> Instructions for the task
Wherever an image appears in the data, omit it and copy all the remaining text word for word.

> Material provided
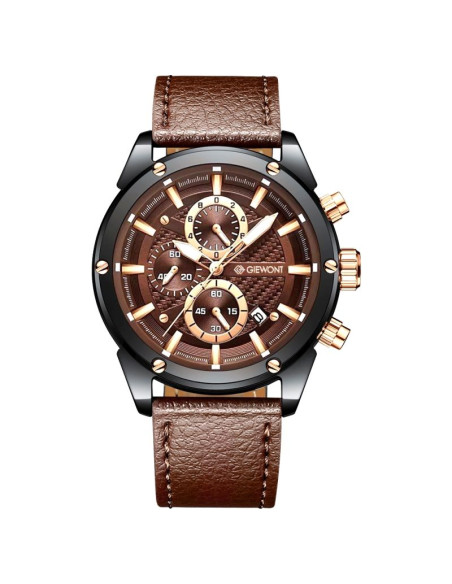 Zegarek męski giewont chronograph sapphire czarno brązowy gw8810-a3
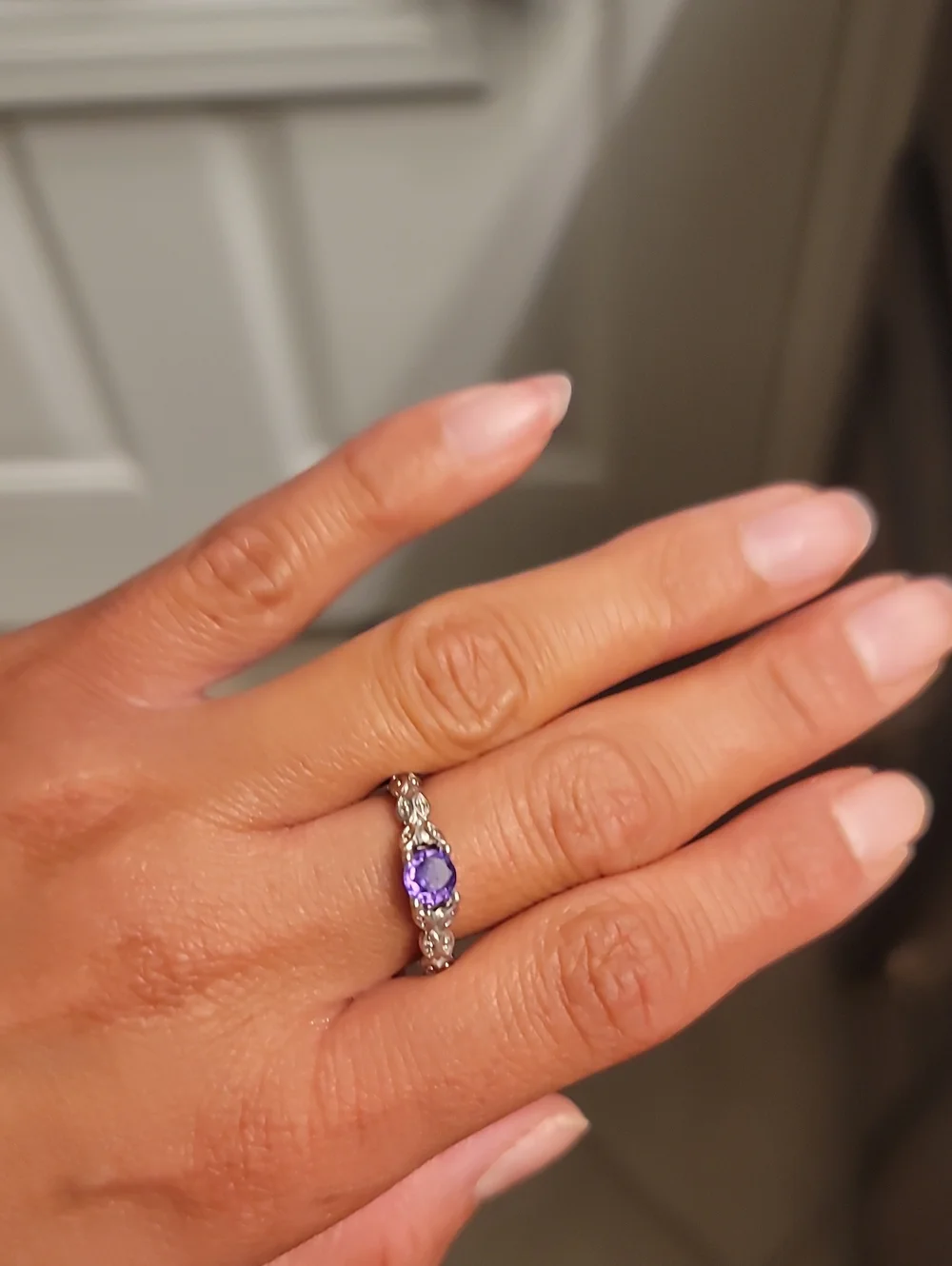 Sterling Silver Purple Gemstone Twist Band Ring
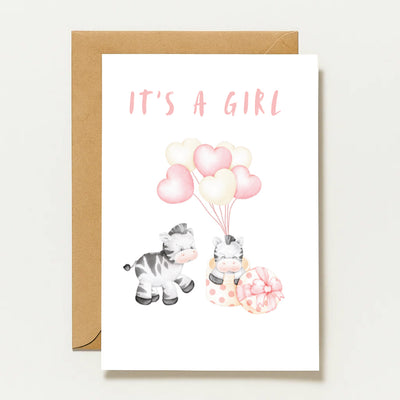 C'est une fille | Carte de vœux pour annoncer une naissance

> Output of the exercise
 Zegarek męski giewont chronograph sapphire czarno brązowy gw8810-a3
 Sterling Silver Purple Gemstone Twist Band Ring
 C'est une fille | Carte de vœux pour annoncer une naissance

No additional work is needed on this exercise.